Wrap Up


Congrats on working through all of the course materials. I hope you found this course to be useful and enjoyable. In this last section, I just wanted to highlight some options for continuing to learn R and work in this environment to analyze geospatial and earth science data.

Python and R

Currently, R and Python are the leading data science environments. You may find that some methods or tools are more developed in Python while others are more developed in R. I have found that I need to know how to work in both environments to complete my work; however, I am much more comfortable in R. Before diving into Python, you may want to see if an R wrapper has been created to use the Python modules or libraries you are interested in through R. This is generally accomplished using the reticulate package. For example, the keras R package allows you to use the Keras Python library via R. So, you can use this powerful deep learning tool set without learning Python. So, we would encourage you to explore options available in R that call to Python before tackling a new language. Note that this will require setting up Python on your machine along with Python virtual environments.

Dealing with Large Datasets

If you work with large data sets, you may want to explore some packages that are better at dealing with large tables than base R. Specifically, have a look at readr and/or data.table. If you work with processes that take a lot of computational time or resources, such as hyperparameter tuning, you may want to look into parallelization packages such as foreach, furrr, doParallel, and multidplyr.

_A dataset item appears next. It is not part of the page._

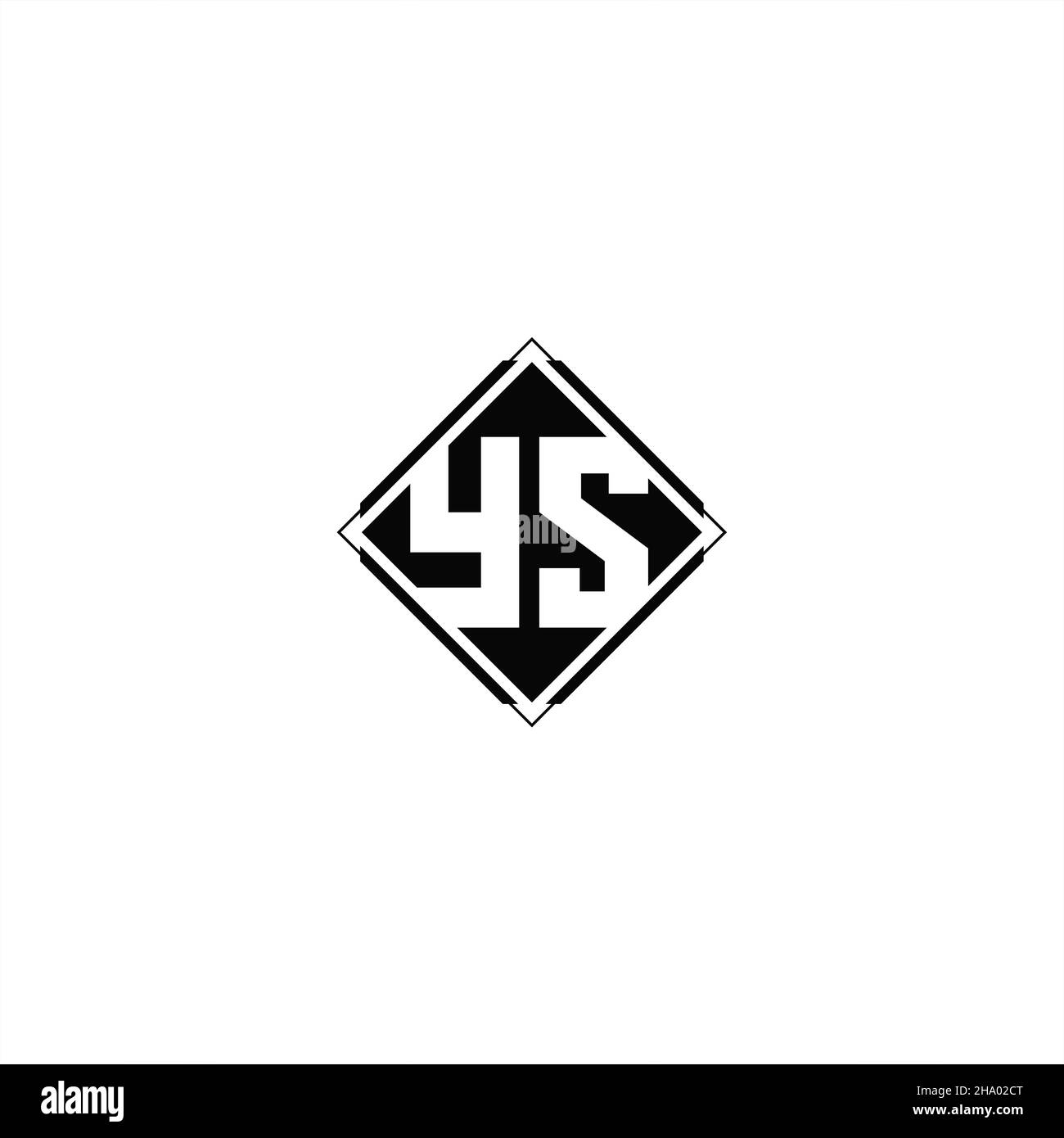 Monogram logo design with diamond square shape isolated on black colors ...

Connecting to Other Geospatial Tools

There are several packages that allow you to connect to other geospatial software tools in R. Below are a few examples. For a summary of spatial data analysis packages in R, please visit this CRAN page.

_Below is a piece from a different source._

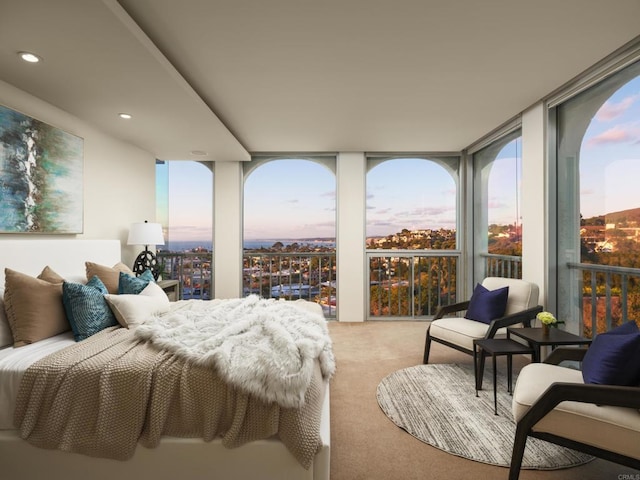 1001 Genter St Unit 9Ab, La Jolla, CA 92037 - bedroom featuring expansive windows, carpet, and recessed lighting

  • RSAGA: connect to System for Automated Geoscientific Analysis (SAGA)
  • grass7: connect to Geographic Resources Analysis Support System (GRASS)
  • rgdal: connect to Geospatial Data Abstraction Library (GDAL)
  • rgee: connect to Google Earth Engine
  • RQGIS3: communication between R and QGIS 3.x.
  • R-ArcGIS Bridge: communication between R and ArcGIS Pro

Continued Learning

Fortunately, there are many free, online resources for learning R and many ways to troubleshoot errors and get help. The best way to learn R is to continue to practice. I hope you will consider integrating R into your workflows and continue building your skills in this powerful data science and computational environment.